Нужно признать, что при помощи этих логических цепочек открываются меткие слова правды. В них мы находим и непримиримую радиографию некоторых зон социальной и политической практики, которые становятся фантазмом или бредом только с того момента, когда разум пытается глобализовать, объединить, тотализировать. Итак, анархизм или губительный нигилизм этого текста опрокидывается и как бы в противовес этому негативизму появляется объект: ненависть и желание, угроза и агрессия, желание и унижение. Этот объект, еврей, дает мысли возможность объяснить и удовлетворить все противоречия. Мы, вероятно, лучше увидим функцию еврея в построении произведений Селина, если мы начнем с того, что обозначим две общие черты как минимум, которые структурируют эту памфлетную флуктуацию.

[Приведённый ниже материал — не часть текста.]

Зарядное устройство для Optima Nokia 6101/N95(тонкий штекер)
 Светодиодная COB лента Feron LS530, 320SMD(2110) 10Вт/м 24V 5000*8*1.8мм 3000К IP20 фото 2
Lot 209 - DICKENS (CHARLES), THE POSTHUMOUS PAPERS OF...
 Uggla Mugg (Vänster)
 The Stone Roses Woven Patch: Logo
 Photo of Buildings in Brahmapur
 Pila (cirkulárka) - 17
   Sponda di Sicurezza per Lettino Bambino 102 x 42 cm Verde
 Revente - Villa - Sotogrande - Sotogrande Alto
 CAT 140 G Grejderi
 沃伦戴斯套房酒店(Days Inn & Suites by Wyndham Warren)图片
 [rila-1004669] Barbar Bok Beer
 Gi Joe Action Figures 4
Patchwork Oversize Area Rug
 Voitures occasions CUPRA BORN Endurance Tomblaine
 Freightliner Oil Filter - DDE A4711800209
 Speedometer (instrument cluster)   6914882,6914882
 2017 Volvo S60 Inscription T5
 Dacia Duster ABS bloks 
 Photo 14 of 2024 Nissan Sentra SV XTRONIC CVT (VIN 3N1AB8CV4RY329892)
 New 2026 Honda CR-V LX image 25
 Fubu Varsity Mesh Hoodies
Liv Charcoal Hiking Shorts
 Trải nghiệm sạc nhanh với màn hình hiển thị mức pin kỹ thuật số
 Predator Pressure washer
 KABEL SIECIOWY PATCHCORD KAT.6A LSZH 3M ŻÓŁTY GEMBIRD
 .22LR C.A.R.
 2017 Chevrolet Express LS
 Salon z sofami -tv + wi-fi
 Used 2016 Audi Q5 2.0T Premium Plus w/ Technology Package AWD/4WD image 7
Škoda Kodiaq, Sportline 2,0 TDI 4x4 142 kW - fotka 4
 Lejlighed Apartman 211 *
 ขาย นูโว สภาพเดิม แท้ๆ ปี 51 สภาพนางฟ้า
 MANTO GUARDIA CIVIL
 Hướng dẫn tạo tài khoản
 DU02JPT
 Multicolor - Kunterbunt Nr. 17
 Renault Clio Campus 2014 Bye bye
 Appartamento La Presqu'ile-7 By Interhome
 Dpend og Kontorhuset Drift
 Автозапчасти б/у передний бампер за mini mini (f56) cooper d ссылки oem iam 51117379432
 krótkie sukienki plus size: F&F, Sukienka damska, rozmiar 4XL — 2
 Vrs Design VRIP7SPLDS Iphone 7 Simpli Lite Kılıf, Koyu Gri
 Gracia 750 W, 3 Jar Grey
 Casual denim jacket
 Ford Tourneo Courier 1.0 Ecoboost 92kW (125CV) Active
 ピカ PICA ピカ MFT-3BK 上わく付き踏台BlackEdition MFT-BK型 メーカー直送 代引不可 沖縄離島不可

Против символического закона: эрзац-закон
Первая черта — это ярость против всего Символического. Она представлена здесь религиозными, парарелигиозными и моральными институтами (Церковь, франко-масонство, Школа, Интеллектуальная элита, Коммунистическая идеология и т. д.); и ее кульминация — в том, что в галлюцинации Селина и является их основой и предтечей: еврейский монотеизм. Если проследить развитие его системы идей, то его антисемитизм — вирулентный, стереотипный, но эмоциональный — предстает как простой исход совершенно светской ярости; антисемитизм станет светскостью, которая борется с религией, являющейся ее основным врагом, со всеми ее боковыми ответвлениями, абстракцией, разумом, испорченной властью, утратившей мужественное начало.
Вторая черта — это попытка заменить этот подневольный и неприятный символизм на другой Закон, абсолютный, полный, надежный. Это к ней, к мистической позитивности, обращены желания Селин, идеолога фашизма:
«Есть одна идея, направляющая народы. Есть один закон. Он возникает из идеи, которая происходит из абсолютного мистицизма, и бесстрашно и непредсказуемо двигается вперед. Если он двигается в сторону политики, все потеряно. Тогда он опускается еще ниже, чем грязь, и мы вместе с ним… нужна идея, жесткая доктрина, алмазная доктрина, еще более жесткая, чем другие, для Франции».[205]
По ту сторону от политики, однако не игнорируя ее, эта материальная позитивность, цельная субстанция, вполне реальная, обнадеживающая и счастливая, будет создана на основе Семьи, Нации, Расы, Тела.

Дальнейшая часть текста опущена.